What a difference a decade makes. In 2007, SPARC (the Scholarly Publishing and Academic Resources Coalition) celebrates its tenth anniversary, now with an expansive mission to work not only on behalf of libraries but for the welfare of the higher education community at large, and for individual researchers and the public. “It’s pretty amazing to me to look back and see how far we’ve come to with the organization,” SPARC Executive Director Heather Joseph, who replaced Rick Johnson in 2005, told the LJ Academic Newswire. “We began with real community-based, grass-roots efforts, like alternative journals. We still do that kind of work but we’ve branched out more into things like our advocacy program. Today, we spend so much more time talking with policy makers about how to create an overall better climate. The day-to-day work very little resembles what we were doing when SPARC first started.”
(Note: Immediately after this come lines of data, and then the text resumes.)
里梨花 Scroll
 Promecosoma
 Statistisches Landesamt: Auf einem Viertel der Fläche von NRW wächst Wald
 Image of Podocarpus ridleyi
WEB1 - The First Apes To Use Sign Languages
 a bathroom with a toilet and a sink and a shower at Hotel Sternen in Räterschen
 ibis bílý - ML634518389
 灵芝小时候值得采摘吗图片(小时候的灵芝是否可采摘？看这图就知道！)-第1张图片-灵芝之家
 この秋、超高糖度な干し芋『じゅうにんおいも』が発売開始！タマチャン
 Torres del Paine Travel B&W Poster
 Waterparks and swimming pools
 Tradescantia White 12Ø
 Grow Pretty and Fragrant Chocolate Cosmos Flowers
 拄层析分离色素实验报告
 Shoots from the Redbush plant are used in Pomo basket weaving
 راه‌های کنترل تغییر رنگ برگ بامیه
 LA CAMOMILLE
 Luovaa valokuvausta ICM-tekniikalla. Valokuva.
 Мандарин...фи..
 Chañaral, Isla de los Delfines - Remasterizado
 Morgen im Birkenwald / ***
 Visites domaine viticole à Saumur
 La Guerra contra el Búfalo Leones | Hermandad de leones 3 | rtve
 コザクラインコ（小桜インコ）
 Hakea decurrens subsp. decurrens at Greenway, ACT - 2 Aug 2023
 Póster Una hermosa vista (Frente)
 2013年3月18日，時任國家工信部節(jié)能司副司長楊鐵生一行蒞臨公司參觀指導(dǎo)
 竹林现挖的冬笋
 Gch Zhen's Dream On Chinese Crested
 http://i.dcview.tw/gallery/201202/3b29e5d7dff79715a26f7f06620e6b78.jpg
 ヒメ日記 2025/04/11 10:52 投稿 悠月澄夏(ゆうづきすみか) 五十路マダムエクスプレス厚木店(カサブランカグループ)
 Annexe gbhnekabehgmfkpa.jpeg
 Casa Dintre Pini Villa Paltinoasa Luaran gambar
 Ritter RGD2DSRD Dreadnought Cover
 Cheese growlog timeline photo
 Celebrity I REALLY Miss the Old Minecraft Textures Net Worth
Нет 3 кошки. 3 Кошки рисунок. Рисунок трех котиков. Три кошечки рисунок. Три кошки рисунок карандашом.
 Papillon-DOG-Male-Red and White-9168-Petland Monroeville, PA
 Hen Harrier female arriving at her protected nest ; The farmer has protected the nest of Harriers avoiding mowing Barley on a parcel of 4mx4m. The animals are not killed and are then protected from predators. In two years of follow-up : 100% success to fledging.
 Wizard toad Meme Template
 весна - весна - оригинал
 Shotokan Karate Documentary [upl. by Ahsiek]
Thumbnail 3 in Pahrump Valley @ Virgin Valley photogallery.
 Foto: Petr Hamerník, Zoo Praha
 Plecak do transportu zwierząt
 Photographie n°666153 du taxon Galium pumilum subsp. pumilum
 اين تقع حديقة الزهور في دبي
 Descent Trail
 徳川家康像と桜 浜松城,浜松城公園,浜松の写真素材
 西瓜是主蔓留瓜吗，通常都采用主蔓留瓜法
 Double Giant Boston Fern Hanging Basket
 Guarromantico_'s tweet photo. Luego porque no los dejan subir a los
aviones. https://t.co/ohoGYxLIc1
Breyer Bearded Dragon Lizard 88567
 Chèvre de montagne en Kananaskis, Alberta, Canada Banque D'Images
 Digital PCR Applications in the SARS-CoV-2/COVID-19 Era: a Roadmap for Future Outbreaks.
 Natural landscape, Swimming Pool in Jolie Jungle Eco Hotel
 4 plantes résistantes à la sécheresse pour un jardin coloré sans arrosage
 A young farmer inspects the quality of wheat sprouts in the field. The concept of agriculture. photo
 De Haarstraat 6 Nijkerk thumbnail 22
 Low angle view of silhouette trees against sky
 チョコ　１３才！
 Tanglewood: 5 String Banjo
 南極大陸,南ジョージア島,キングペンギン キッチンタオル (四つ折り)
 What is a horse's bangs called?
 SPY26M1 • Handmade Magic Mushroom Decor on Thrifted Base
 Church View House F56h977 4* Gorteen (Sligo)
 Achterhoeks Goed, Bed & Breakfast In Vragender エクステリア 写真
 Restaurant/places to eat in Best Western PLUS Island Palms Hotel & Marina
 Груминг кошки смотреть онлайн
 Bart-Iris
Back on the eve of SPARC’s five-year anniversary, then executive-director Johnson playfully told the LJ Academic Newswire he’d be quite happy to see the next five years bring an end to the problems plaguing libraries and scholarly communication to the point where SPARC was no longer needed. Of course no one, including Johnson, expected that to happen and, accordingly, SPARC has continued to grow, both in terms of its agenda, as well as its presence, with new organizations now launched both in the UK and Japan. “We’re still at our heart a library membership organization,” Joseph said, operating under the Association of Research Libraries umbrella, with primary funding coming from membership dues. “But we’re now much more coalition-driven.” That “coalition-driven” approach, Joseph says, has been successful in getting the message out. Membership is up 15 percent over the last two years, now numbering more than 200 institutions in North America, Asia, and Australia, with an additional 100 institutions belonging to SPARC Europe.

With its partners, SPARC’s agenda has included some high-profile battles on behalf of open access and public access initiatives, such as the 2005 effort to support the National Institutes of Health’s public access policy. While SPARC has concentrated recently on such activities, Joseph says SPARC remains committed to three program areas: education, such as its Create Change and Author’s Rights campaigns; incubation and business development, such as its involvement with BioOne and Project Euclid; and advocacy campaigns, such as the NIH effort. “Advocacy in 2005 took a lead, and in 2006, we reinvigorated our education campaign,” Joseph said. “Incubation has lagged behind,” she conceded, but asserted that the three-prong commitment, implemented by Johnson and the SPARC steering committee, remains “fantastically stable and productive.”

Much more remains to be done, she adds. “I do think SPARC has made an impact. We don’t really talk about the serials crisis any more, for example, it’s sort of a given. What [constituents are] interested now is what tools we can give them to work with.” Where would Joseph like to see SPARC be in five years? “I’d like us to be positioned as an organization that facilitates new opportunities,” she says, “rather than addressing a crisis.”